While you were stuck to your couch, desperately trying to finish House of Cards, baseball games on the TV be damned, turns out that baseball things did happen.
A few of the things you may have missed:
Will Middlebrooks hit three home runs in a single game. Considering that I ate three brownies at an event Friday night and felt terribly sick, his feat should be looked at as much, much harder than that.
RA Dickey struggles again. Have no fear, the Canuckler is just having those standard first act struggles that make the rising action in the second act so much more rewarding.
Baseball teams as ranked by Scrabble. It’s nearly as good as ranking them based on expected performance.

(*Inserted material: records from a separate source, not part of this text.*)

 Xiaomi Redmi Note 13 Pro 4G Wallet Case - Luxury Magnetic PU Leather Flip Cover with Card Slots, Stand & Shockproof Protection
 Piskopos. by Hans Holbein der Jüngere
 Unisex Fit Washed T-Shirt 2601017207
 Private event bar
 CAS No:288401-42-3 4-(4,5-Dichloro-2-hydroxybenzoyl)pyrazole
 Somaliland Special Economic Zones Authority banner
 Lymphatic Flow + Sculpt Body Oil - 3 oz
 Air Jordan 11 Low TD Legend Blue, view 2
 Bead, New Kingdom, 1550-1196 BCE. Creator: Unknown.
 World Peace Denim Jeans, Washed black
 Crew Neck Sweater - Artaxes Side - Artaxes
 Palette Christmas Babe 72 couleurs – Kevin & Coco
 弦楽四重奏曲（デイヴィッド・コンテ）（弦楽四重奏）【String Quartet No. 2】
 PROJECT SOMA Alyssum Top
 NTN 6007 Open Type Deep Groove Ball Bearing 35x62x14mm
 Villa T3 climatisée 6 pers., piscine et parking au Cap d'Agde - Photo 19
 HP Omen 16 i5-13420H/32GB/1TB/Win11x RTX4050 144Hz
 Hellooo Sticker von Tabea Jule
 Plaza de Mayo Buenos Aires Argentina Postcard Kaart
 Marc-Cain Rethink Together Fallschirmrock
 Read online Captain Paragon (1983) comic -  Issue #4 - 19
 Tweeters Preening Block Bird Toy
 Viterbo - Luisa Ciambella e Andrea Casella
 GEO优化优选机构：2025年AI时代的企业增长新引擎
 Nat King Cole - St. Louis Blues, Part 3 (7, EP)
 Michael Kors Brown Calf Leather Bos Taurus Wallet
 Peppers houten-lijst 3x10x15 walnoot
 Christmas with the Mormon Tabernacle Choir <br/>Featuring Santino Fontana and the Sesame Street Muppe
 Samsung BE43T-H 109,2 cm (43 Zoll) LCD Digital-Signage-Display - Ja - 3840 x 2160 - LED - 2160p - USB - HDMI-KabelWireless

Keith Hernandez doesn’t plan on re-growing the mustache. He’s now my enemy.
John Sterling’s home run call for Kevin Youkilis is more terrible than you could ever imagine. “A Nuke from Youk! He is Kevin sent.” I just wonder how long he sat there, pondering that during spring training.
Yankees old box office number is now a phone sex hotline. Might be an improvement.
The Giants, by virtue of winning the World Series, got to wear gold this weekend. Honest to god GOLD. We live in a special time.
Vlad Guerrero and Dontrelle Willis will be coming to everyone’s favorite independent minor league The Atlantic League. (At least, if by everyone you mean me.) It is now of the utmost importance that I return to my ancestral home and watch this happen.
In one of the best pieces of sportswriting you’ll probably find this year, A Brother’s Passage on Max Scherzer and his now deceased brother.
Is your team’s owner an A-hole? Probably. But that’s the answer I would give for most people in general, too.
My favorite feature during the baseball season.
On a related note: I would be happy if Kevin Youkilis never hit another home run in a Yankee uniform - even knowing it will hurt my team.